Studio vs Live db's ... an interesting observation

dalley

New member
Having the night off from a gig tonight I find myself browsing through these posts as usual, doing some recording, etc when something dawned on me. I have a tough time going between live sounds and the sounds in my project studio. Specifically levels and volume. Let me elaborate:

I spend pretty much every weekend playing in a cover band doing a wide range of styles, mostly rock ... but we play at average to above average stage volume levels through our own PA system. I play bass in this perticular band by the way and I have been for years. There can never be too much bass, I think I am losing LF perception ... who knows. Anyway,

So when I track bass for instance (direct right into the console), I automatically try to dial in freq's and levels that I get on stage and I have to stop myself and re-adjust. This becomes more apparent when I pop in a ref CD or open and play an audio project ... nowhere near the same. If my monitor system was a 1000 watt PA with subs, obviously this would not be an issue ... you get my point.

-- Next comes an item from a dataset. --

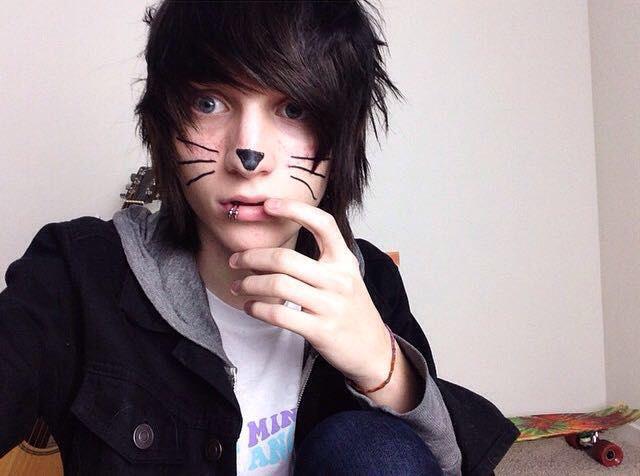 Hey guys! I decided to start fresh sooo rt please?!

Even tonight, I setup to record some crunch guitar with a Mesa combo and threw a MD421 on it and hit record. I listen back and it just seems so thin and lifeless ... until I listen to other well recorded guitar tracks through my monitor system, then I realize it is fine. It's just readjusting your ears between live and studio sound ... I can see this being a lifelong learning process.

Again, this boils down to learning your monitors, whatever they may be but for different reasons...specifically the live volume to studio volume transition.

Has this ever plagued anyone else or do I just need to go to bed?
 
I do a lot of live gigs and studio work, and to be honest I haven't had the kind of difficulty as you describe it; sonic balance is sonic balance. While lives music does have an entirely different character than studio work, either there's not enough (or too much) bass to sound right in the mix or their isn't.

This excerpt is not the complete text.